2. Die Berufung ist zwar zulässig, sie hat in der Sache jedoch offensichtlich keine Aussicht auf Erfolg und da auch die weiteren Voraussetzungen nach § 522 Abs. 2 ZPO vorliegen, ist beabsichtigt, die Berufung durch einstimmigen Kammerbeschluss ohne mündliche Verhandlung zurückzuweisen.
Die amtsgerichtliche Entscheidung, nach welcher der vom Kläger gegen die Beklagte, seine Vollkaskoversicherung, geltend gemachte Anspruch wegen Nichtvorliegens der für ein solchen Anspruch erforderlichen Voraussetzungen abgewiesen wurde, ist rechtsfehlerfrei.
Die gegen diese Entscheidung vorgebrachten Einwände greifen nicht durch.

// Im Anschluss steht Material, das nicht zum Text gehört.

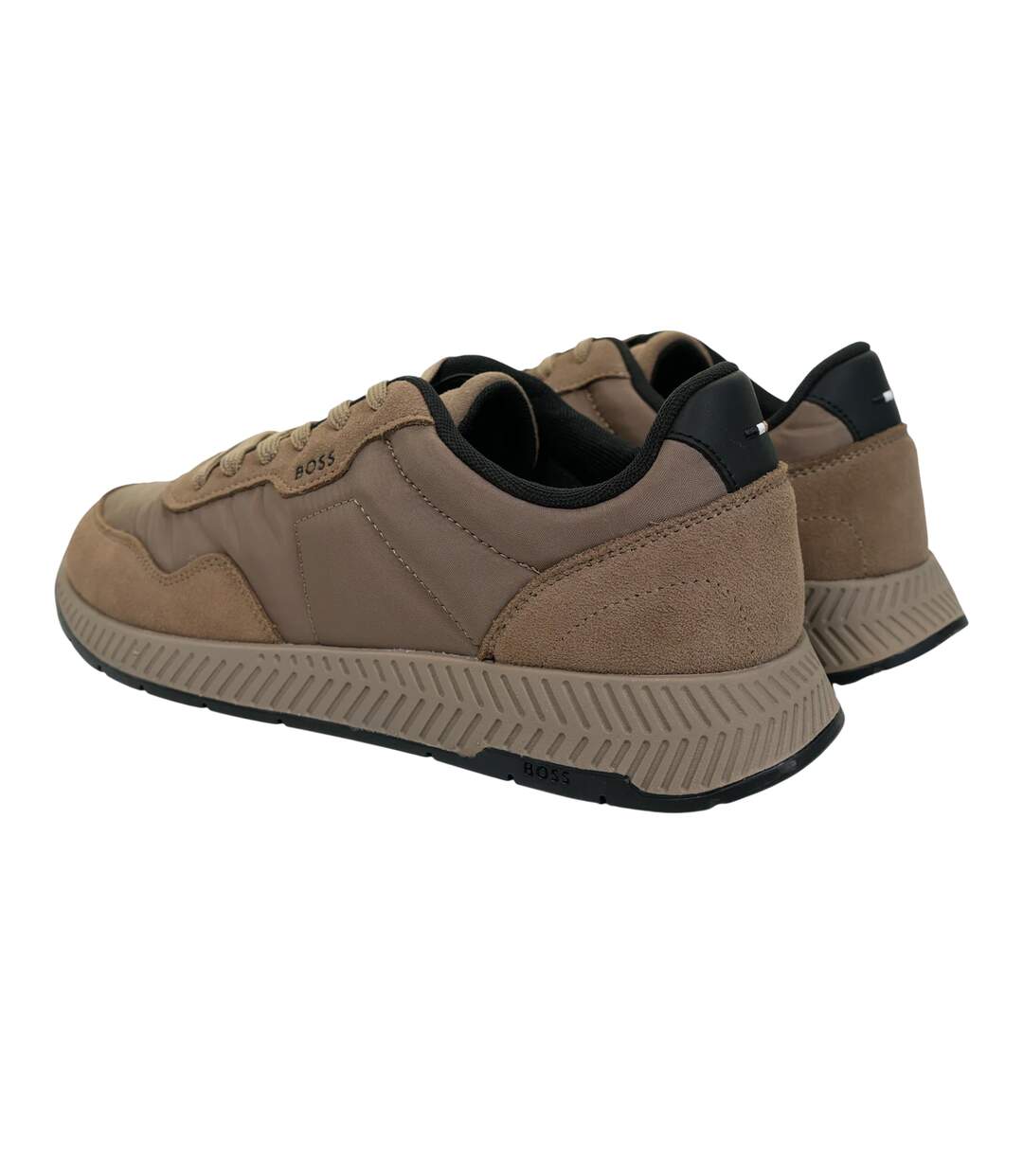 Baskets Titanium Runn Sdnypa Homme Beige Foncé Boss-2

Soweit mit der Berufung eingewandt wird, das vom Amtsgericht zitierte Urteil des Amtsgerichts Bad Homburg (2 C 1111/06 vom 05.09.2006) sei deshalb nicht einschlägig, weil dieser Entscheidung ein nicht vergleichbarer Sachverhalt, nämlich eine große Sammelgarage mit etwa 120 Stellplätzen, zugrunde lag, überzeugt nicht.

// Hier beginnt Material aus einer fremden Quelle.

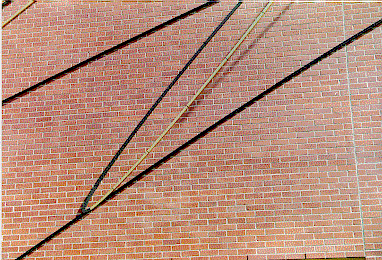 [DIAGRAM: Swensen Sundial, shadow detail]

2.1. Nach A.2.1.2.1. f AKB, welche auf das streitgegenständliche Versicherungsverhältnis anwendbar sind, erstreckt sich der Versicherungsschutz auf einen zusätzlichen Satz Räder, wie vorliegend die vier Sommerräder, wenn sie nicht am Fahrzeug montiert sind nur dann, wenn diese „unter Verschluss“ verwahrt werden. Bei dieser AKB-Bestimmung handelt es sich um eine allgemeine Versicherungsbedingung, welche nach ständiger Rechtsprechung so auszulegen ist, wie ein durchschnittlicher Versicherungsnehmer sie bei verständiger Würdigung, aufmerksamer Durchsicht und unter Berücksichtigung des erkennbaren Sinnzusammenhangs verstehen muss. Dies beachtend ist das Merkmal „unter Verschluss“, worauf das Amtsgericht zu Recht hingewiesen hat, nicht schon dann erfüllt, wenn ein Rädersatz ohne eine besondere Wegnahmesicherung in einer abschließbaren Sammeltiefgarage verwahrt wird.

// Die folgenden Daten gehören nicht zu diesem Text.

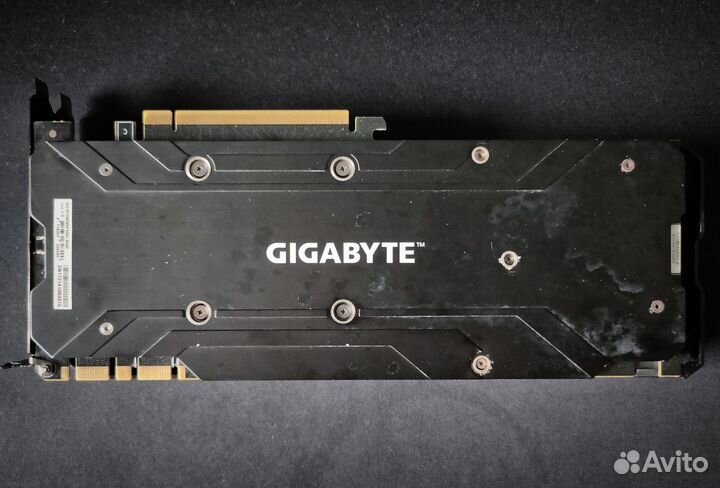 Видеокарта Gigabyte GTX 1080 8GB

„Unter Verschluss“ bedeutet, dass der freie Zugriff auf die mitversicherten Teile durch besondere Schutzmaßnahmen verhindert wird, welche nur durch Einsatz eines besonderen Aufwands überwunden werden können. Die Tatsache, dass die Tiefgarage durch ein Außentor und nach innen durch eine nur mit Schlüssel zu öffnende Tür abgeschlossen ist, stellt keine solche Schutzmaßnahme dar. Anders als bei einer Verwahrung in einer nur vom Versicherungsnehmer und seinen Angehörigen genutzten Garage, zu welcher auch nur er und diese ihm alle persönlich bekannten Personen Zugang haben, kann von einer Verwahrung „unter Verschluss“ schon dann nicht mehr gesprochen werden, wenn die Anzahl der Mitnutzer derselben Sammelgarage, wie vorliegend, jedenfalls 15 unterschiedliche Parteien sind, welche insgesamt 24 Stellplätze belegen. Es mag sein, wie der Kläger vorträgt, dass er die anderen Stellplatzmieter persönlich kennt. Darauf kommt es aber bei dieser Anzahl von Personen nicht an, weil zum einen nicht ausgeschlossen werden kann, dass sich die anderen Mitmieter nicht einmal untereinander alle persönlich kennen und zudem davon auszugehen ist, dass nicht nur jeweils der Mieter, sondern auch andere von diesem mit einem Schlüssel versehene Personen Zugang zur Tiefgarage haben können, so dass auch der Kreis der berechtigten Nutzer schon größer ist als die dem Kläger bekannte Personengruppe. Dies hat aber zur Folge, dass auch ein Nichtberechtigter in die Garage hineinkommen kann, weil er -wegen der Anonymität- die Berechtigung leicht vortäuschen und so sich auch ohne Schlüssel Zutritt verschaffen werden kann.
Der Kläger wird aufgefordert innerhalb der genannten Frist mitzuteilen, ob er, um weitere Kosten zu vermeiden, die Berufung zurücknehmen will.